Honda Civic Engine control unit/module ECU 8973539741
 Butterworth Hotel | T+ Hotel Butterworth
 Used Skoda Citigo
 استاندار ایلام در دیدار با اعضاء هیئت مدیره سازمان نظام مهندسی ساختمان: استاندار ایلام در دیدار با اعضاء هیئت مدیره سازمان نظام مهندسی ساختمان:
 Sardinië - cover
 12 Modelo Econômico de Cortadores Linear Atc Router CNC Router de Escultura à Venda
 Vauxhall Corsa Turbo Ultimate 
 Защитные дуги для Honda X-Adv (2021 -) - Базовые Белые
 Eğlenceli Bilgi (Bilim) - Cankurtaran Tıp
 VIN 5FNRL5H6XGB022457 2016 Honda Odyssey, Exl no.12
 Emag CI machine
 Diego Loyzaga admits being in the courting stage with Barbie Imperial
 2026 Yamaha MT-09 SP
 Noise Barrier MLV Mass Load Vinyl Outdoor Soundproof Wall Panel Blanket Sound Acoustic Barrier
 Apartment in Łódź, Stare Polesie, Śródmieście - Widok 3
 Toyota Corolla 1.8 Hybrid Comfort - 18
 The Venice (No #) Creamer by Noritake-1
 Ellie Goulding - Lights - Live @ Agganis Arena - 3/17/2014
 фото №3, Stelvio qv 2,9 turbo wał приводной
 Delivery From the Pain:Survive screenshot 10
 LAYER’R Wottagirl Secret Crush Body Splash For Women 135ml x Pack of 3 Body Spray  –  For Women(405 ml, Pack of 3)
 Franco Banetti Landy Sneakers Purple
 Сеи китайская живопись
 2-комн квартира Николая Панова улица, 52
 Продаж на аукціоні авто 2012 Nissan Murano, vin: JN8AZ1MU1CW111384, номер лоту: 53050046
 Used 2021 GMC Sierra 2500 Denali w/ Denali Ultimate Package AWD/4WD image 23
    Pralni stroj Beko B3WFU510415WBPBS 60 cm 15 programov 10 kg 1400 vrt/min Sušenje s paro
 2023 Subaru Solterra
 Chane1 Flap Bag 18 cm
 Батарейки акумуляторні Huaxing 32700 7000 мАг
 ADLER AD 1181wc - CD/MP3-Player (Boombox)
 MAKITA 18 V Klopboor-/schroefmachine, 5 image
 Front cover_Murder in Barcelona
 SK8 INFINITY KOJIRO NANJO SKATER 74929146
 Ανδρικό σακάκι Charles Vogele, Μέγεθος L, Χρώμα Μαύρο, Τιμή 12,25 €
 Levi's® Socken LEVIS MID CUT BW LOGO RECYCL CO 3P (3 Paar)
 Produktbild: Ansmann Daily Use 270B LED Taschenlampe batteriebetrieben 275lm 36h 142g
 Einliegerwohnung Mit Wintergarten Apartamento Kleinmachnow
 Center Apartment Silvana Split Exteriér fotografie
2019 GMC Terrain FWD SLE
+ + + + + + +
* [Task to carry out]: Recite the full listing above exactly.

* [Solution]:
Honda Civic Engine control unit/module ECU 8973539741
 Butterworth Hotel | T+ Hotel Butterworth
 Used Skoda Citigo
 استاندار ایلام در دیدار با اعضاء هیئت مدیره سازمان نظام مهندسی ساختمان: استاندار ایلام در دیدار با اعضاء هیئت مدیره سازمان نظام مهندسی ساختمان:
 Sardinië - cover
 12 Modelo Econômico de Cortadores Linear Atc Router CNC Router de Escultura à Venda
 Vauxhall Corsa Turbo Ultimate 
 Защитные дуги для Honda X-Adv (2021 -) - Базовые Белые
 Eğlenceli Bilgi (Bilim) - Cankurtaran Tıp
 VIN 5FNRL5H6XGB022457 2016 Honda Odyssey, Exl no.12
 Emag CI machine
 Diego Loyzaga admits being in the courting stage with Barbie Imperial
 2026 Yamaha MT-09 SP
 Noise Barrier MLV Mass Load Vinyl Outdoor Soundproof Wall Panel Blanket Sound Acoustic Barrier
 Apartment in Łódź, Stare Polesie, Śródmieście - Widok 3
 Toyota Corolla 1.8 Hybrid Comfort - 18
 The Venice (No #) Creamer by Noritake-1
 Ellie Goulding - Lights - Live @ Agganis Arena - 3/17/2014
 фото №3, Stelvio qv 2,9 turbo wał приводной
 Delivery From the Pain:Survive screenshot 10
 LAYER’R Wottagirl Secret Crush Body Splash For Women 135ml x Pack of 3 Body Spray  –  For Women(405 ml, Pack of 3)
 Franco Banetti Landy Sneakers Purple
 Сеи китайская живопись
 2-комн квартира Николая Панова улица, 52
 Продаж на аукціоні авто 2012 Nissan Murano, vin: JN8AZ1MU1CW111384, номер лоту: 53050046
 Used 2021 GMC Sierra 2500 Denali w/ Denali Ultimate Package AWD/4WD image 23
    Pralni stroj Beko B3WFU510415WBPBS 60 cm 15 programov 10 kg 1400 vrt/min Sušenje s paro
 2023 Subaru Solterra
 Chane1 Flap Bag 18 cm
 Батарейки акумуляторні Huaxing 32700 7000 мАг
 ADLER AD 1181wc - CD/MP3-Player (Boombox)
 MAKITA 18 V Klopboor-/schroefmachine, 5 image
 Front cover_Murder in Barcelona
 SK8 INFINITY KOJIRO NANJO SKATER 74929146
 Ανδρικό σακάκι Charles Vogele, Μέγεθος L, Χρώμα Μαύρο, Τιμή 12,25 €
 Levi's® Socken LEVIS MID CUT BW LOGO RECYCL CO 3P (3 Paar)
 Produktbild: Ansmann Daily Use 270B LED Taschenlampe batteriebetrieben 275lm 36h 142g
 Einliegerwohnung Mit Wintergarten Apartamento Kleinmachnow
 Center Apartment Silvana Split Exteriér fotografie
2019 GMC Terrain FWD SLE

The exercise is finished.